DIRECTIONS ▸ What you return should match the entries below exactly, only without the images.

DATA RECORDS below:

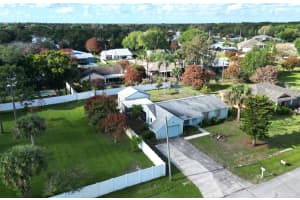 2262 Se Tile Terrace, Port St. Lucie, Fl 34952, Port Saint Lucie
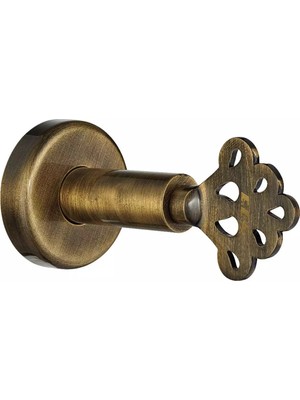 E.c.a. Osmanlı Ankastre Ara Kesme V Alfi G1/2 '' - Krom - 102251002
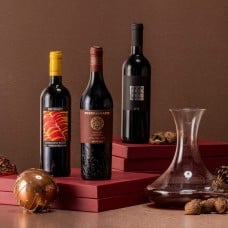 Hamper 034 - Tuscan Wine Lover Trio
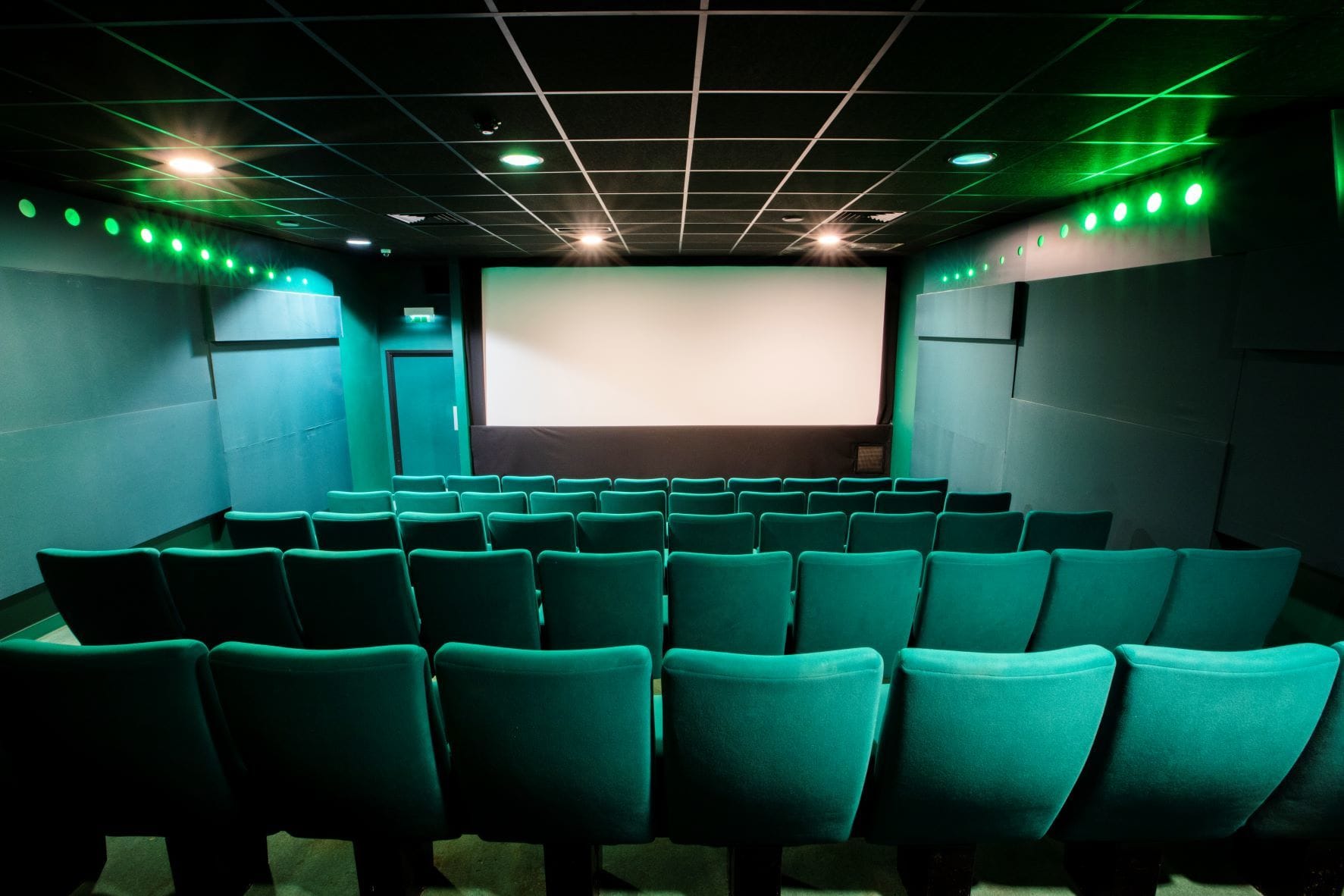 Photo of Curzon Wimbledon, Green Screen 3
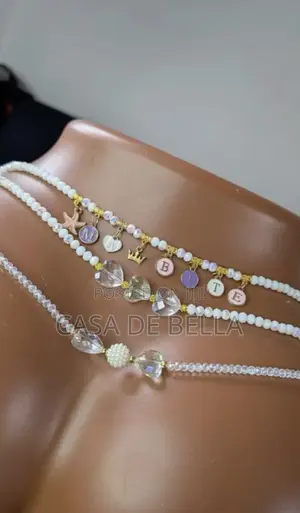 Waist Beads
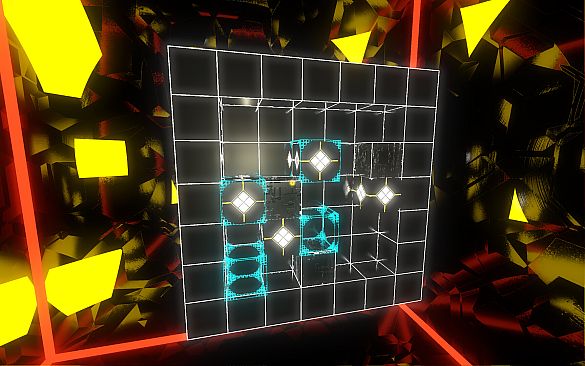 CAWEZ's Puzzlebox: HIRAETH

End of DATA RECORDS.

THE COMPLETED TASK ▸
 2262 Se Tile Terrace, Port St. Lucie, Fl 34952, Port Saint Lucie
 E.c.a. Osmanlı Ankastre Ara Kesme V Alfi G1/2 '' - Krom - 102251002
 Hamper 034 - Tuscan Wine Lover Trio
 Photo of Curzon Wimbledon, Green Screen 3
 Waist Beads
 CAWEZ's Puzzlebox: HIRAETH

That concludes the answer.